The response came from committee Chairman Patrick Leahy, D-Vt., who joined Sessions Sunday on CBS's Face the Nation, in a preview of the spirited debate to come.

"Her answers are these: Ultimately and completely the law controls," Leahy said. "And she has the experience and the cases to show her to be a mainstream judge. Anything else is nitpicking," Leahy added.

The political pressure on Republicans by their conservative base to give Sotomayor a hard time has been heavy since May, when Obama introduced her at the White House as his first court nominee.

One such Republican is Texas Sen. John Cornyn, a judiciary committee member who chairs the campaign committee that is trying to recruit and elect more Republicans to the Senate.

Though his political DNA and his positioning so far suggest that he will ask tough questions, Cornyn also is mindful that Republicans need to stop the erosion of Hispanic support. In three of the six Democratic senate seats Cornyn initially targeted - California, Colorado and Nevada - Hispanics made up 18 percent, 13 percent and 15 percent of the 2008 vote respectively.

Also, if Sen. Kay Bailey Hutchison, R-Tex., wins the governor's race, a special election would be held next spring to fill her seat. President Obama lost to Republican John McCain by 12 points in Texas last year, but the share of the heavily Democratic Latino vote made up 20 percent of all votes cast, and the Hispanic population in the state is now 36 percent.
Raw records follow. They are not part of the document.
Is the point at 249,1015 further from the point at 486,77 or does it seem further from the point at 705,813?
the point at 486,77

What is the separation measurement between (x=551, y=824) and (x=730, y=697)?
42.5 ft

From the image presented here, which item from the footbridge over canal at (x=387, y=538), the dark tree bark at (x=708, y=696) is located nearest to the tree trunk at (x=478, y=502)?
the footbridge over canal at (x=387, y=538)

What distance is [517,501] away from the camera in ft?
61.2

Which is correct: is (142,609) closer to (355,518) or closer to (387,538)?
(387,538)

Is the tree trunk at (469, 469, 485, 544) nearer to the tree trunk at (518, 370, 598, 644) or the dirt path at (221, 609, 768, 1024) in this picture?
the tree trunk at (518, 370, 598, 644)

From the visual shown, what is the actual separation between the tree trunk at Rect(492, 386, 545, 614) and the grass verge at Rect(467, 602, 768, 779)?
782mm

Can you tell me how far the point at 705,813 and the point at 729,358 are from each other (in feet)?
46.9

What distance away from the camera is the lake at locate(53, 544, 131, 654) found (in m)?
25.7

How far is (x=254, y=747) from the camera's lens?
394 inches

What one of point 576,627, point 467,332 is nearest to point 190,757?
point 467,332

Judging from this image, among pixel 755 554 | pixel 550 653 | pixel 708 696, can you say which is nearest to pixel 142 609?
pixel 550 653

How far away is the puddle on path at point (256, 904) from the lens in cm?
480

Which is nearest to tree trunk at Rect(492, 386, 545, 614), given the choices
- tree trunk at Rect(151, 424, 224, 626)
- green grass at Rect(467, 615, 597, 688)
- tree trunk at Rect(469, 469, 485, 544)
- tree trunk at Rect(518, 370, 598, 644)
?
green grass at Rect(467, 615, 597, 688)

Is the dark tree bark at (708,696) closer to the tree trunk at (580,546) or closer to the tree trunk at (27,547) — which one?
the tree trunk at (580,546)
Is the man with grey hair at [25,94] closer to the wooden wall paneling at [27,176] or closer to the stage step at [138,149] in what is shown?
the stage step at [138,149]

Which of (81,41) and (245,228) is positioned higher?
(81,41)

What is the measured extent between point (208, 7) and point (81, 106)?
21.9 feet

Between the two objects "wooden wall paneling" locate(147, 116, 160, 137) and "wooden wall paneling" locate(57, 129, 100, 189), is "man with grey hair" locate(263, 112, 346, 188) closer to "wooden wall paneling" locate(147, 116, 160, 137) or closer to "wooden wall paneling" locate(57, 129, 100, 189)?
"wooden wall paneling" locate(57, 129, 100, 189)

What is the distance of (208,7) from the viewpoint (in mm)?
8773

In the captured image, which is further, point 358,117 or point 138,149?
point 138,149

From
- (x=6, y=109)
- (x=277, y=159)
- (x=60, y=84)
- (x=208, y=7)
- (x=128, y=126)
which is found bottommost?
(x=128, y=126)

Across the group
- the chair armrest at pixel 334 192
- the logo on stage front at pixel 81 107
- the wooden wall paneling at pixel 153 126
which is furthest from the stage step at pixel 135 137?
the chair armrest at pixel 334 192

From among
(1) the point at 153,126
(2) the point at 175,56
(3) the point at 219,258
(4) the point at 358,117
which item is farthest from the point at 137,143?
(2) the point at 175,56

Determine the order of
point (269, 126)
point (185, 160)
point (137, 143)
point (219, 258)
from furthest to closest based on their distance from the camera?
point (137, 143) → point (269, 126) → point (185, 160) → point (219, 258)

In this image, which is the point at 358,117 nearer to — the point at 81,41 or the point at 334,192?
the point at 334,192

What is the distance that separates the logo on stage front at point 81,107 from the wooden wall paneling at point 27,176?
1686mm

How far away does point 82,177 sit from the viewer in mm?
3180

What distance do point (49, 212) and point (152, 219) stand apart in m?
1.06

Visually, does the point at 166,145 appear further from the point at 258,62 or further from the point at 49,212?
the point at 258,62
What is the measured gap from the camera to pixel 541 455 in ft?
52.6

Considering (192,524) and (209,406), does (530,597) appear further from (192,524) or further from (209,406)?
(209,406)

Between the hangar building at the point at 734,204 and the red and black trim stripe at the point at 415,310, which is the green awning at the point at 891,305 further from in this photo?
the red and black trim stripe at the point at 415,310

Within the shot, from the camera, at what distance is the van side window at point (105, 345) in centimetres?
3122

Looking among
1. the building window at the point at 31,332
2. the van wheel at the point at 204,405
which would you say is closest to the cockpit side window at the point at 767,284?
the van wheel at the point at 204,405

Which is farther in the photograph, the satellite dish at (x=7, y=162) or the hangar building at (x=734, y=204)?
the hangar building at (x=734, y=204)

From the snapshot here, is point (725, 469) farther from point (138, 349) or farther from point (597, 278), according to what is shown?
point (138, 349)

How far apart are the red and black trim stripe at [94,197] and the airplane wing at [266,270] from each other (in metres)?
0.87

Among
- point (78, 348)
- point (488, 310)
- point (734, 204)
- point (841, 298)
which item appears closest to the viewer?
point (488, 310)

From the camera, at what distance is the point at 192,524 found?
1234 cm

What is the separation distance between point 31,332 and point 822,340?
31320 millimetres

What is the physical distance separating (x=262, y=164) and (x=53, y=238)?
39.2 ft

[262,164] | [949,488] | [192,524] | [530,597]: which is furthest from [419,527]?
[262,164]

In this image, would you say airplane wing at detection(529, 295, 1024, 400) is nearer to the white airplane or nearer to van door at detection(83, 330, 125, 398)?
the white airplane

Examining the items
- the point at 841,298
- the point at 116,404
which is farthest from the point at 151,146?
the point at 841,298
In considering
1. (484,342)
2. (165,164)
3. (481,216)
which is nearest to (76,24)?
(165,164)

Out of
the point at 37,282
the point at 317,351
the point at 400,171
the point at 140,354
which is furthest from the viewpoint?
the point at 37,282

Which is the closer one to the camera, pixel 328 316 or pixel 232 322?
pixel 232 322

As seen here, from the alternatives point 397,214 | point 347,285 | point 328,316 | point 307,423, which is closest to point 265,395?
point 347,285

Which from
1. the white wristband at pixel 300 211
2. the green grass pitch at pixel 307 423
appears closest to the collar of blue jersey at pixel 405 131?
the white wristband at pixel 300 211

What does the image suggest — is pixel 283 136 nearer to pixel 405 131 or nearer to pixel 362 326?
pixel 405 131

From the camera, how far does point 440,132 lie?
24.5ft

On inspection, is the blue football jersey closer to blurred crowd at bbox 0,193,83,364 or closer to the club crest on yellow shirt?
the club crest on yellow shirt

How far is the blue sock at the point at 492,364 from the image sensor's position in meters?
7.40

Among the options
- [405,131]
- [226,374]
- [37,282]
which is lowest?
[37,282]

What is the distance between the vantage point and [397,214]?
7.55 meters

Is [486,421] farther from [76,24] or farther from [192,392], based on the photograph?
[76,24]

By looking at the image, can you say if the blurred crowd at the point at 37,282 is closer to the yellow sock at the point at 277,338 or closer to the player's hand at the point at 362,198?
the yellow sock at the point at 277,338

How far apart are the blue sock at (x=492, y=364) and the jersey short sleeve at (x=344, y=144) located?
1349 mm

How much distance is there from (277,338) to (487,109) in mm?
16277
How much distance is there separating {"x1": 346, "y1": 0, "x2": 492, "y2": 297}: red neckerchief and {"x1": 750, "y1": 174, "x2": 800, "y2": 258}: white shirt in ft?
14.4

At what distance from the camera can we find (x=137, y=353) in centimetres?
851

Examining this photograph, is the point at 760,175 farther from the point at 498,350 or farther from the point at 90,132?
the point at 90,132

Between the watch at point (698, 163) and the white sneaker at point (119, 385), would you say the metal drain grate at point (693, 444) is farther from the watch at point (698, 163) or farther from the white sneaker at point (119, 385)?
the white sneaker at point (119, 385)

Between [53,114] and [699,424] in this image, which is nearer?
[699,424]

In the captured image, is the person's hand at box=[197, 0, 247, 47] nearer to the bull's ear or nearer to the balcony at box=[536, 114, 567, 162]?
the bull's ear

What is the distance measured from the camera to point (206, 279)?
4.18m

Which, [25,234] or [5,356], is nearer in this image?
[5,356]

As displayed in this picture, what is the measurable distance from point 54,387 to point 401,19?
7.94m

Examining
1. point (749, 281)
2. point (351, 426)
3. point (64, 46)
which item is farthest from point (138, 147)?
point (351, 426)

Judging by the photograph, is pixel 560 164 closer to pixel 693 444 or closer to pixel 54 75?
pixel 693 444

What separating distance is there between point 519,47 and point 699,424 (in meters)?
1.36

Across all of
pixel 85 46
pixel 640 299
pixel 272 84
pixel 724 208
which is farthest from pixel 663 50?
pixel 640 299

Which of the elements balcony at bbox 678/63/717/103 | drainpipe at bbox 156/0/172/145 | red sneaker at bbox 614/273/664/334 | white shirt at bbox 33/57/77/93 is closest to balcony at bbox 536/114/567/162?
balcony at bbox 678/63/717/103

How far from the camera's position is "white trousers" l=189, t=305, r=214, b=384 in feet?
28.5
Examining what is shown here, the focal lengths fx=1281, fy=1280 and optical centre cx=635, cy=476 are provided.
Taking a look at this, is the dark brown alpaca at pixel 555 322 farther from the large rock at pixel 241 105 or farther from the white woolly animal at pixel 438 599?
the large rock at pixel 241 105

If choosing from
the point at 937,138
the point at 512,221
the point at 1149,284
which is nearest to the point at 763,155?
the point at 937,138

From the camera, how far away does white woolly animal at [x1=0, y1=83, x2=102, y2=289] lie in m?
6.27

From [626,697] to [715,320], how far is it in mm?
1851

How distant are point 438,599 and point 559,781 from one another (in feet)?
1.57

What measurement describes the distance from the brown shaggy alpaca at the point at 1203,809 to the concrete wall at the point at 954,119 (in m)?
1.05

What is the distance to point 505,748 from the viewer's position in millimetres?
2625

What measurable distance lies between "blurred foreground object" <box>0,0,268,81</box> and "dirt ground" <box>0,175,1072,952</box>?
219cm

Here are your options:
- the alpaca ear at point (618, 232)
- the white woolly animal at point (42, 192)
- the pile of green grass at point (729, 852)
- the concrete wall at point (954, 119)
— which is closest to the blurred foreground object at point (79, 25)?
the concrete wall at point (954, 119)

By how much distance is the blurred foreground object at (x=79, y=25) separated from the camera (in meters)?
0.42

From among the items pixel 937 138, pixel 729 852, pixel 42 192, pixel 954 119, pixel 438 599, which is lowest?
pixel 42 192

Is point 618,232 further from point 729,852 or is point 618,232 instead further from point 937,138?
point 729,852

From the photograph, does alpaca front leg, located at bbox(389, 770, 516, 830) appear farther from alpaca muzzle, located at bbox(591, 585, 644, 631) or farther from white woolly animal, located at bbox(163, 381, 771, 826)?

"One-third of my constituents are Hispanic," Cornyn noted during an interview on Fox News Sunday, adding that he wants "every nominee to be treated with respect."

At the same time, Cornyn stands ready to question Sotomayor's judicial philosophy and whether she has an "ethnic focus." He has been posting daily legal questions for the nominee on topics such as her views on the right to keep and bear arms.

Cornyn's electronic messages from his Texas supporters are not ambiguous on the Sotomayor debate. Early on, when Cornyn castigated radio host Rush Limbaugh and former House Speaker Newt Gingrich for calling Sotomayor a "racist," the senator got flak.

"Senator, please cowboy up," began one note to Cornyn. "Stop kowtowing to the cocktail party politically correct attitude. If you see a racist liberal, call them on it."

With the outcome not really in doubt, Republicans will have to decide how far to push the debate over identity politics in the Sotomayor confirmation skirmish.